Новеллы Шаламова строятся «неэкономно»: они, как правило, густо населены, а сюжеты их перегружены бытовыми подробностями. Самое начало новеллы подчас кажется необязательным, фабульное же происшествие возникает спонтанно, а конечные фразы рассказа об абсурдно-трагическом событии нарочито обыденны, напоминая читателю, что все изложенное выше – лишь повседневная лагерная рутина. Шаламовские произведения подобны скульптурам, исходным материалом которых стала изначально негодная для ваяния порода, проступающая вовне, будто бы не подвластная алмазу резца.
Но это – всегда мастерски рассчитанный художественный прием.
Шесть книг «Колымских рассказов» Шаламова построены как художественные циклы, основная тема которых, заявленная вначале, откликается эхом в финале.
Так, третья книга колымской прозы «Артист лопаты» открывается притчей «Припадок»; в мареве болезненного наваждения автору чудится один из эпизодов его каторжного прошлого, едва не закончившийся гибелью:
Все это виделось мне сейчас на больничной стене.
Но вместо лебедчика руку мою держал врач. Аппарат Рива-Роччи для измерения кровяного давления стоял здесь же. И я, поняв, что я не на Севере, обрадовался.
– Где я?
– В институте неврологии.
Врач что-то спрашивал. Я отвечал с трудом. Мне хотелось быть одному. Я не боялся воспоминаний (1, 351).
«Все умерли…» – так начинается следующий рассказ, «Надгробное слово», где перед нами проходят судьбы разных людей, каждый из которых близок автору – то ли потому, что некогда они помогли рассказчику выжить в нечеловеческих условиях (не соблюдая блатного закона «умри сегодня, я умру завтра») или, наоборот, дали возможность самому автору помочь им, сохранив свое человеческое достоинство. Из всех колоритно очерченных героев автору остается неизвестной судьба лишь Володи Добровольцева, которому когда-то досталась легкая, завидная на каторге работа.

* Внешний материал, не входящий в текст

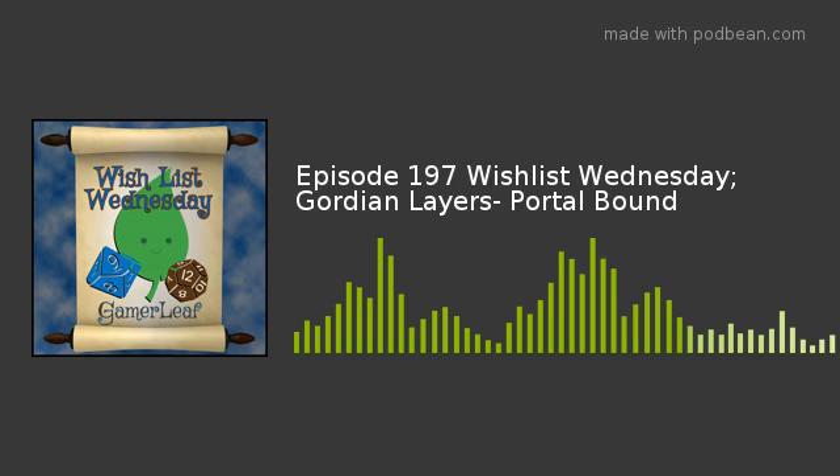Before we get into everything that's great about Gordian Layers Portalbound, let's rewind a little bit. How did you get into playing tabletop board games? It goes way back. I have a bunch of old board games from my grandparents — things like Stratego and the classics — then my parents would supply the Monopoly versions. From there, great friends introduced me to games like Magic the Gathering, the Pokemon TCG, and more recently things like Scythe and Ticket to Ride.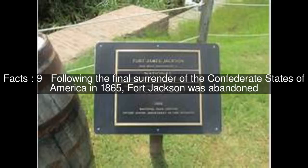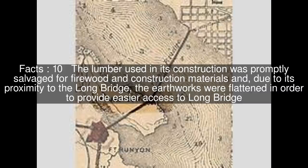Following the final surrender of the Confederate States of America in 1865, Fort Jackson was abandoned. The lumber used in its construction was promptly salvaged for firewood and construction materials and, due to its proximity to the Long Bridge, the earthworks were flattened in order to provide easier access to Long Bridge.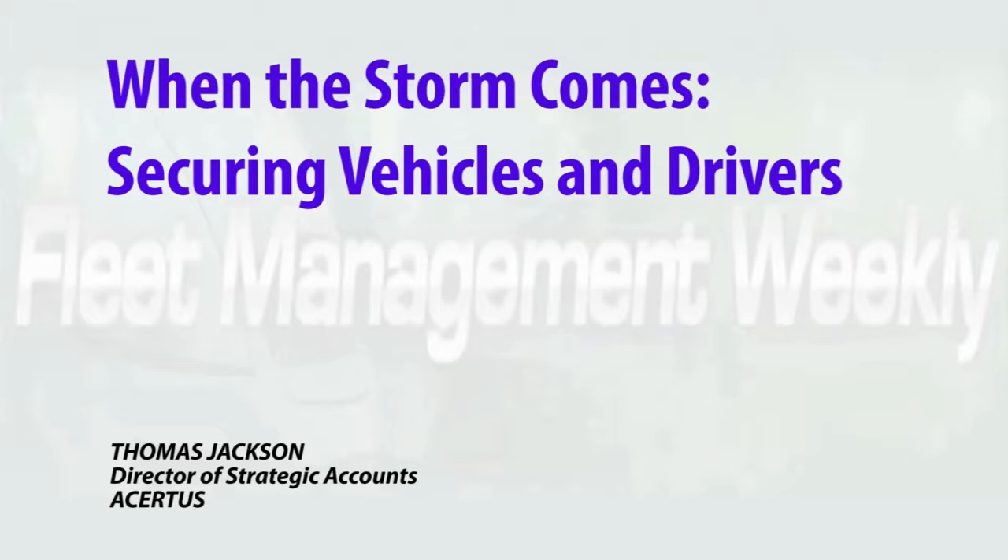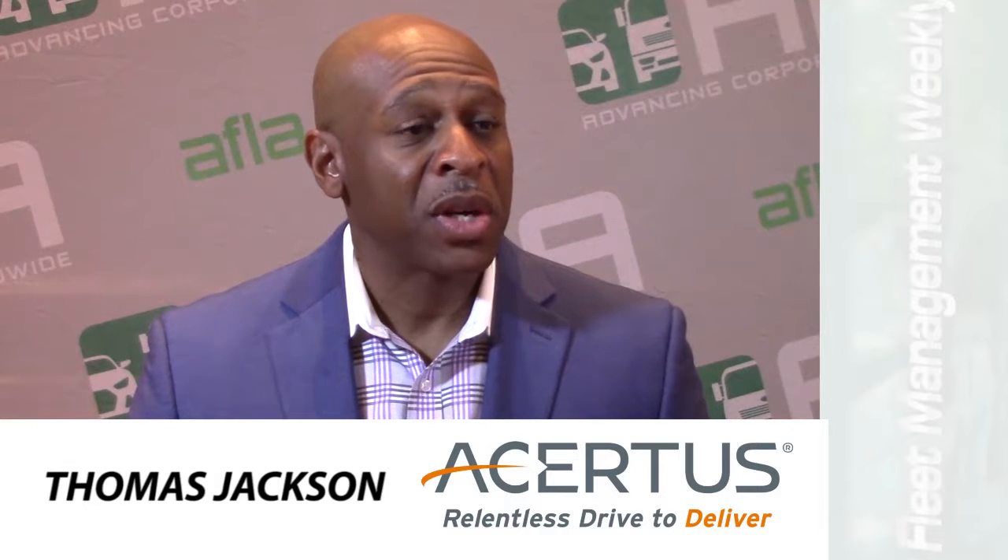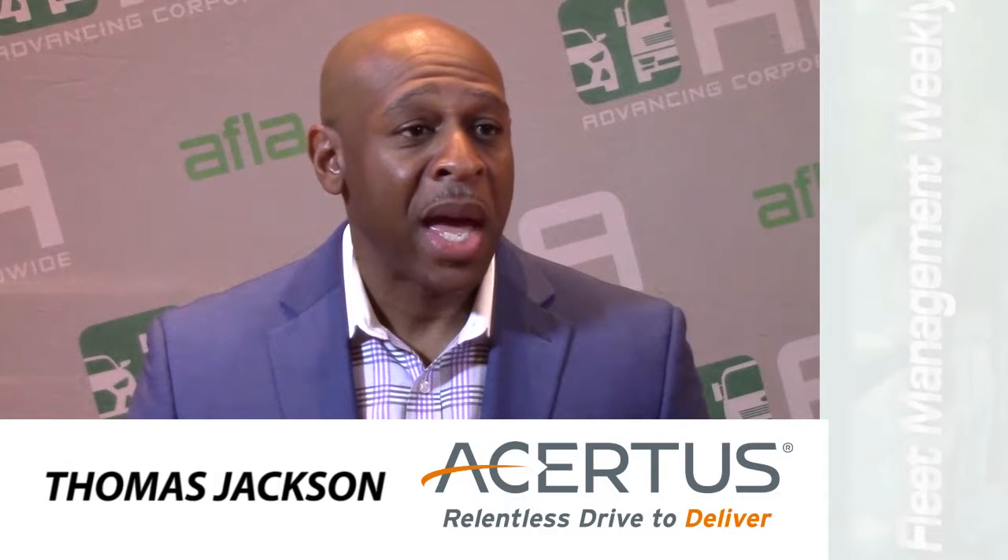When hurricanes are coming, Assertus has a solid process for making sure drivers are safe and storage locations are secure. Once Assertus has received notification of a storm, we will notify all of our clients of the vehicles that are in the path of that storm. And once we give them inventory of all the vehicles that are in the path, we take action to secure everything.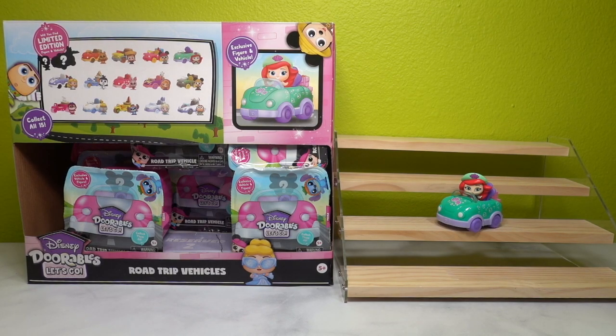What's up friends and welcome back to my channel! If you're new here, hi, my name is Jesse, also known as Miss Cherry, and today we are going to be opening an entire box of the Disney Dorables Let's Go series.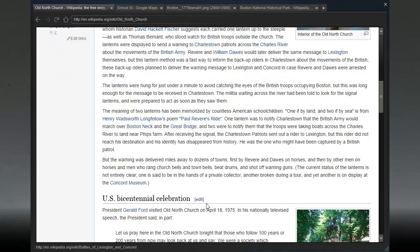After receiving the signal, the Charleston Patriots sent out a rider to Lexington, but this rider did not reach his destination and his identity has disappeared from history — he may have been captured by a British patrol. The warning was delivered miles away to dozens of towns, first by Revere and Dawes on horses, then by other riders. Interestingly, the status of the lanterns is not entirely clear: one is said to be in the hands of a private collector, another was broken during a tour, and yet another is on display at the Concord Museum — that's three lanterns, not two.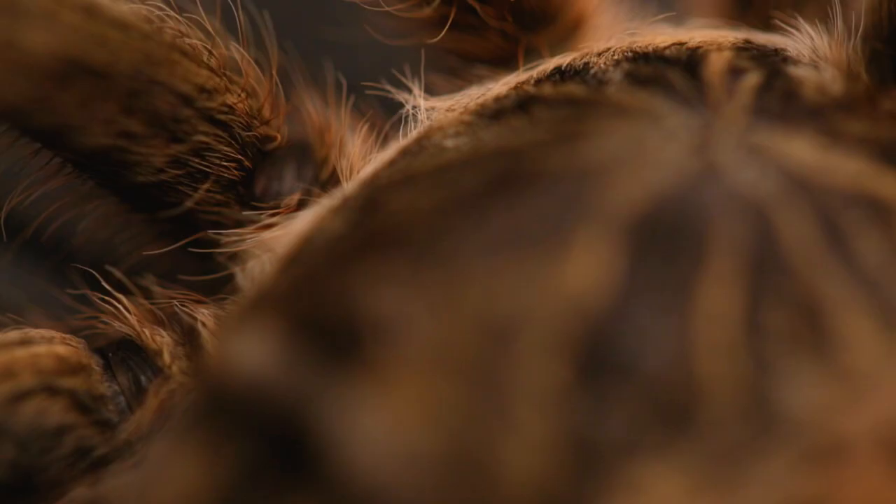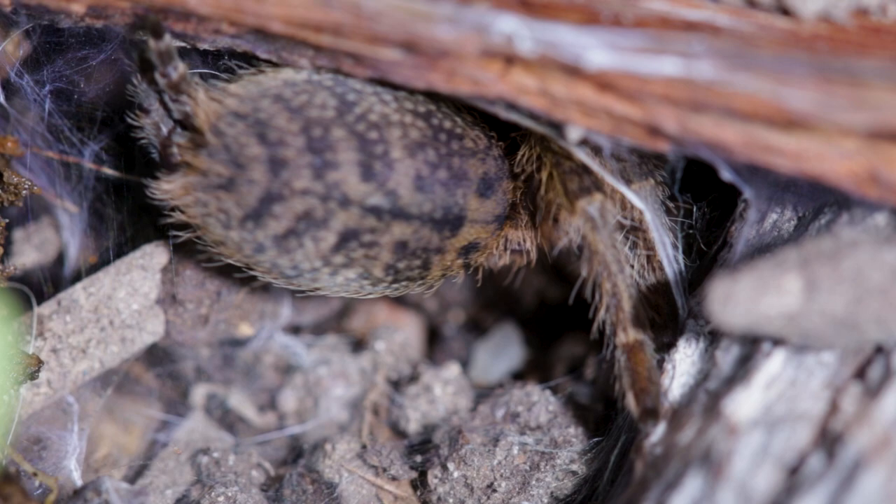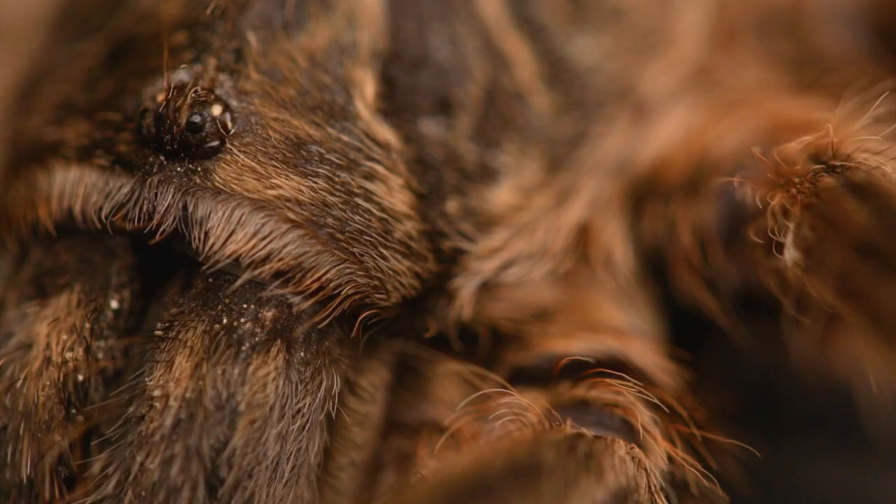They are ground-dwelling spiders which build silk-lined burrows, often under debris such as stones. They use their fangs and chelicerae for digging. Since they are from Africa, they are part of the old-world tarantulas. They have relatively strong venom and can inflict a painful bite.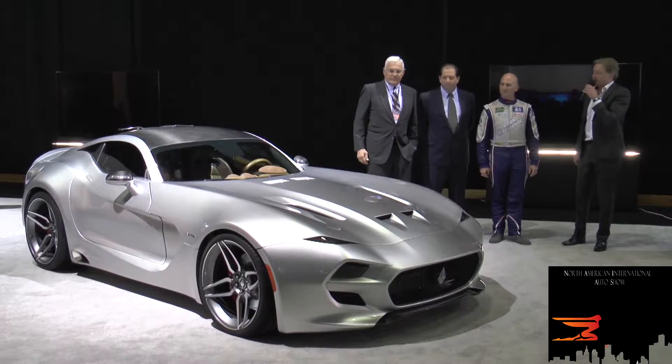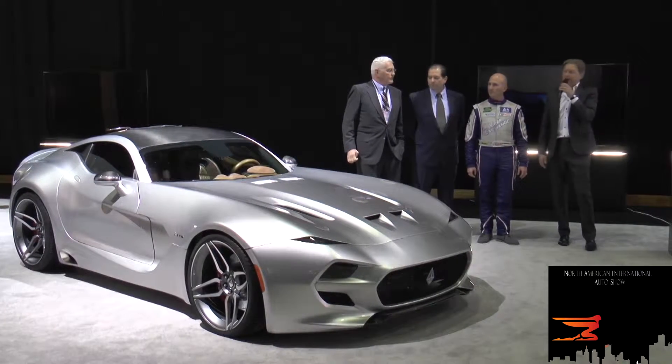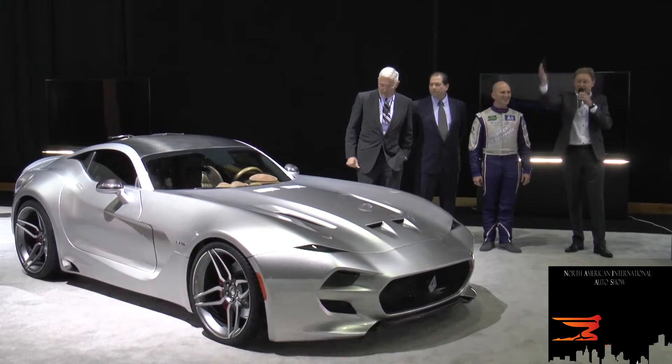We're planning to start production at the end of April with the first deliveries sometime in June. And I'm happy to say that even before we showed the car, we already have a few orders on it, which is kind of exciting. So please come inside and take a closer look.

Здесь, на первый взгляд, нет единого сюжета – это несколько портретов «бывших» людей (референта Кирова, волоколамского крестьянина, иностранных комунистов, «бытовика» и пр.), ушедших в каторжное небытие. Но заканчивается повествование беседой в бараке, когда напоследок мы слышим голос Володи Добровольцева:
Ая, – голос его был покоен и нетороплив, – хотел бы быть обрубком. Человеческим обрубком, понимаете, без рук, без ног. Тогда бы я нашел в себе силу плюнуть им в рожу за все, что они делают с нами… (1, 363).